ACTIVITY:
Beginning with the line that contains "Pt1 Spider Man", repeat each line exactly through the end of the listing below. Pictures stay out.

RECORDS:
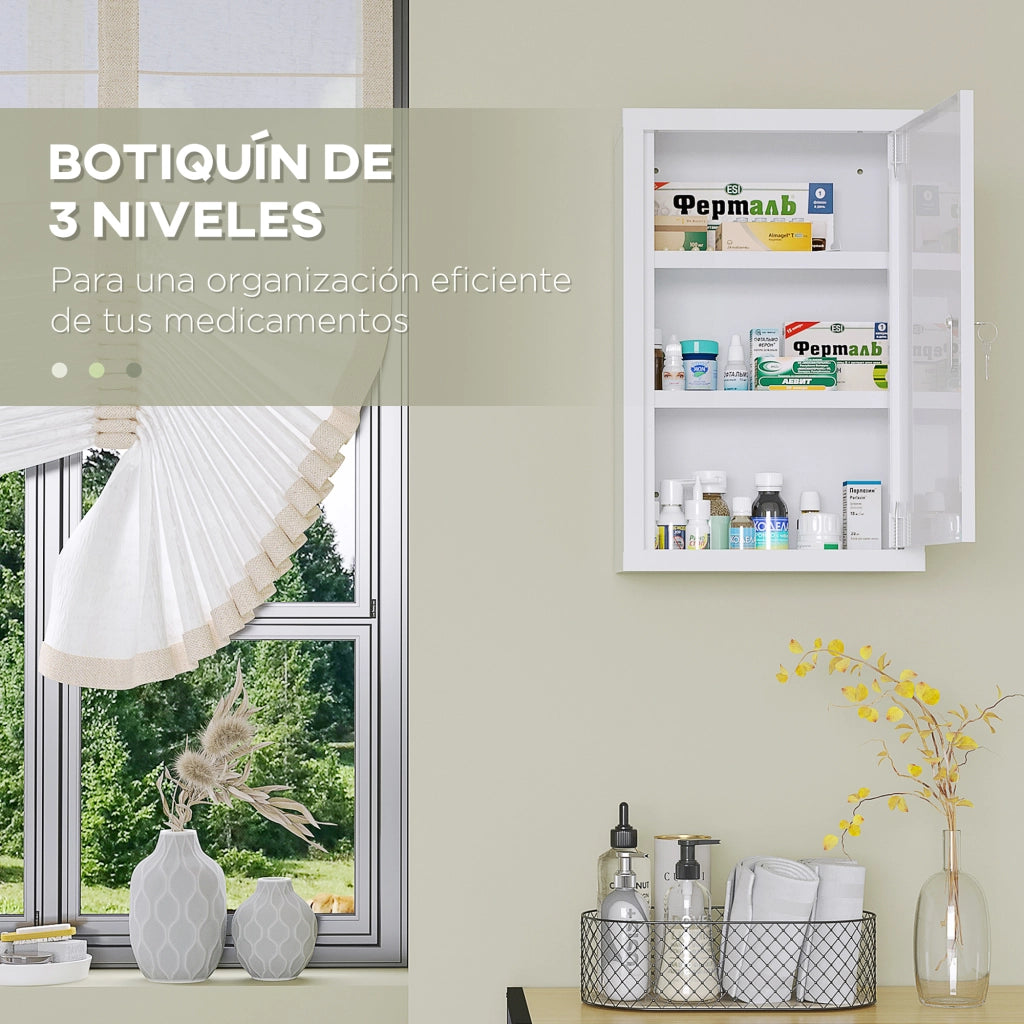 Armadietto da Parete per Bagno ¨C Minimal ¨C Bianco 30x14x46 cm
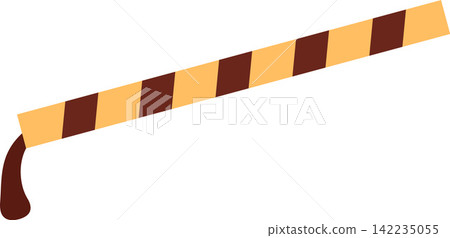 Wafer Roll Stick with Melted Chocolate Flat Illustration. Clean Icon Design Element on Isolated Transparent Background Wafer Roll Stick with Melted Chocolate Flat Illustration. Clean Icon Design Element on Isolated Transparent Background 142235055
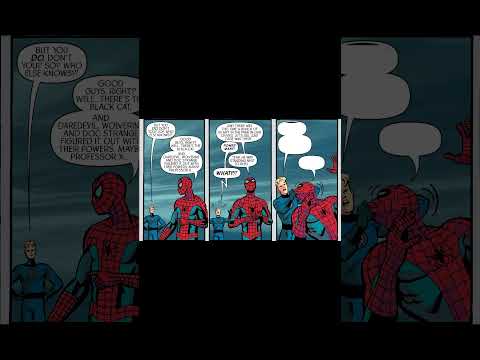 Pt1 Spider Man Reveals His Identity To The Human Torch Marvel Fantastic 4 And Spider Man Comic Dub 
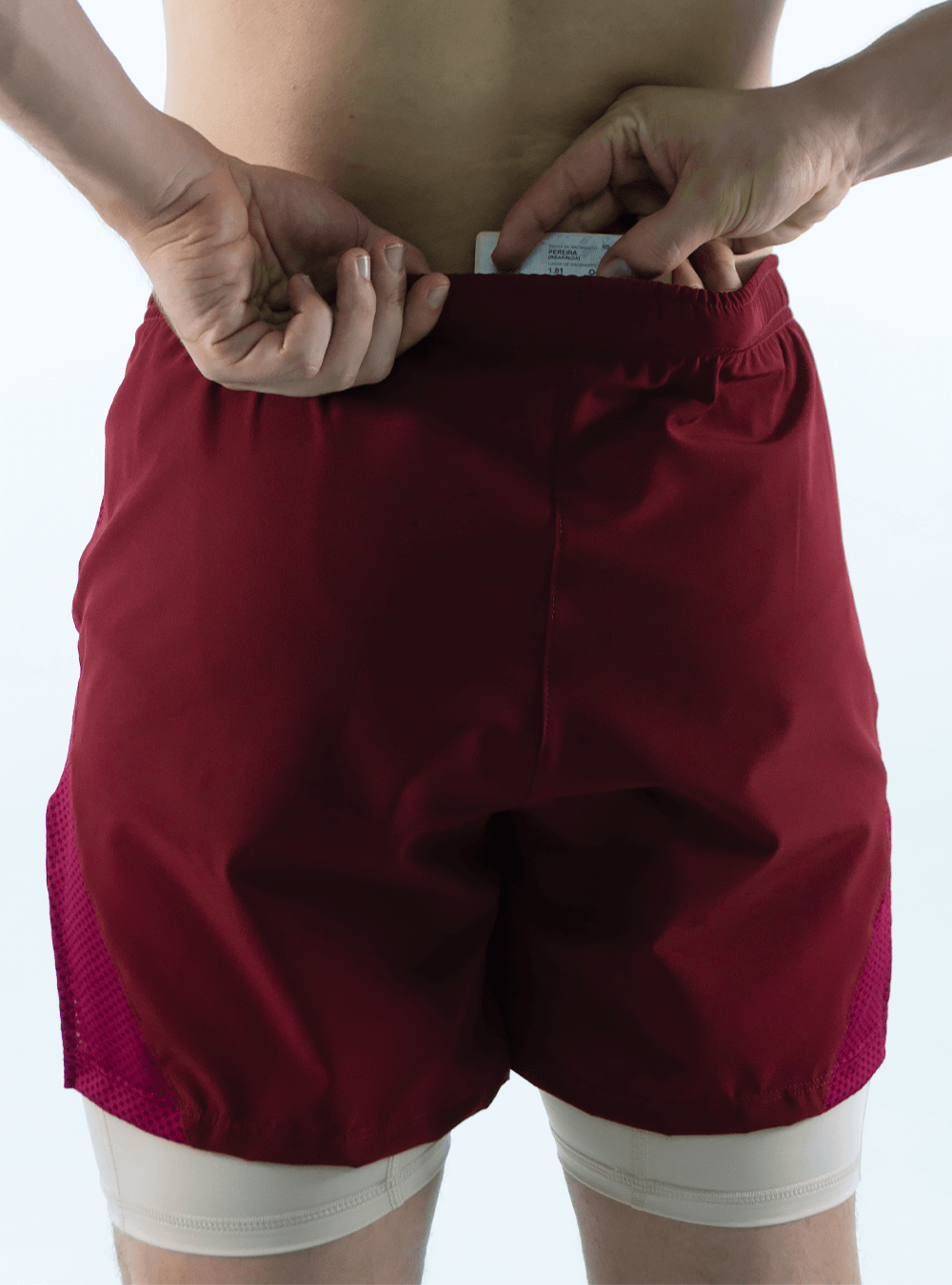 Wine Red Running Shorts 2.0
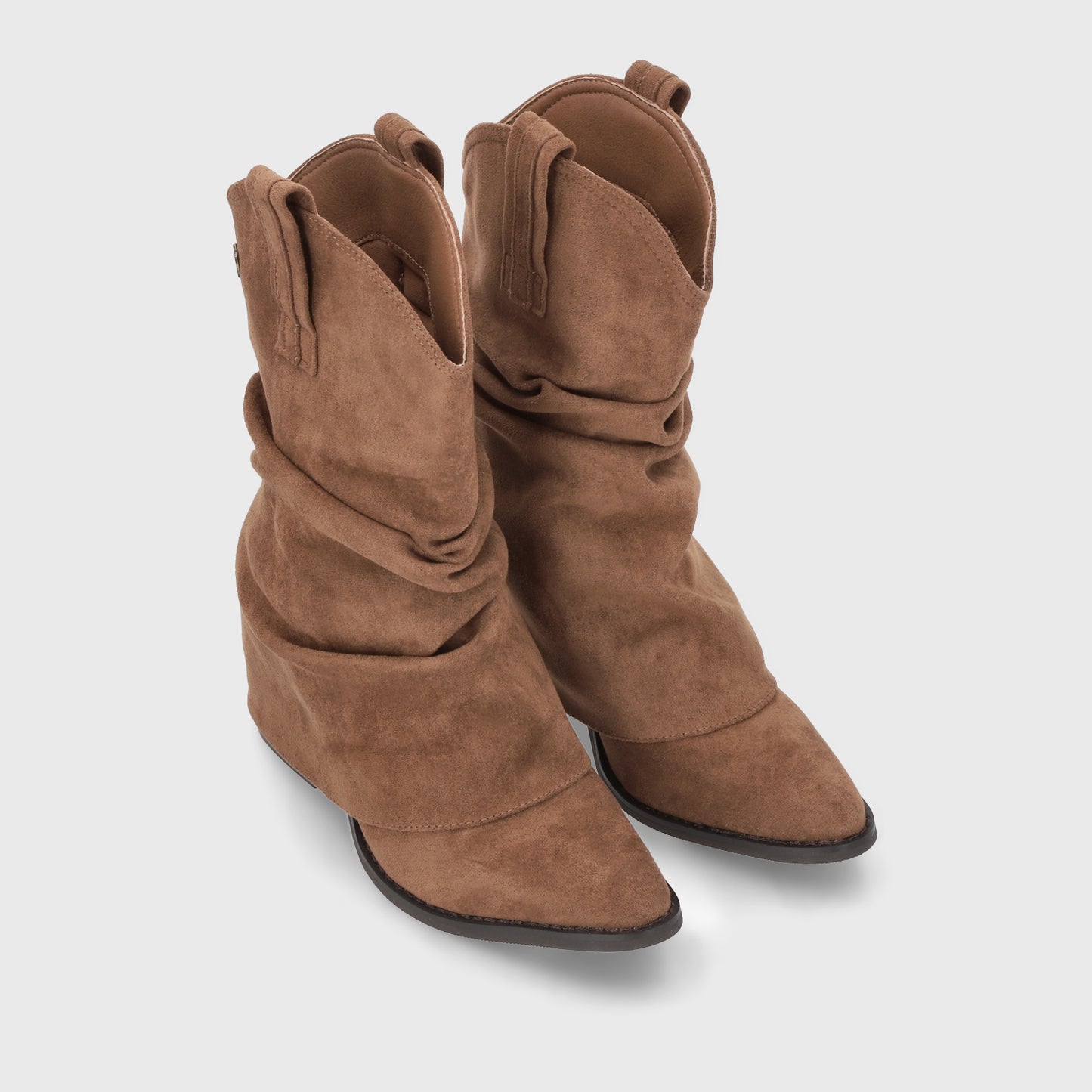Bota Taco Camel Mujer 53781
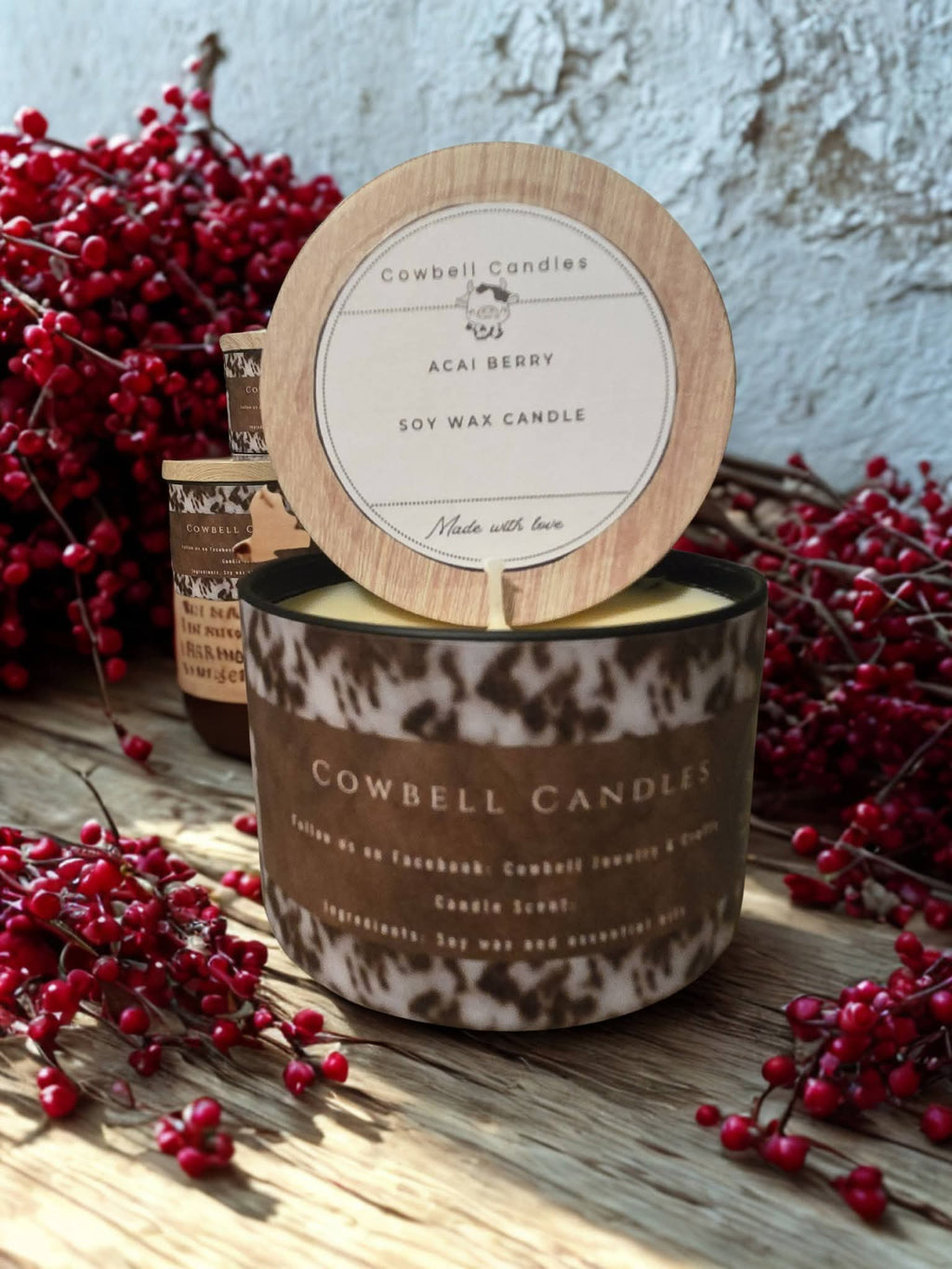 8oz Cowbell Candles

TASK RESPONSE:
 Pt1 Spider Man Reveals His Identity To The Human Torch Marvel Fantastic 4 And Spider Man Comic Dub 
 Wine Red Running Shorts 2.0
Bota Taco Camel Mujer 53781
 8oz Cowbell Candles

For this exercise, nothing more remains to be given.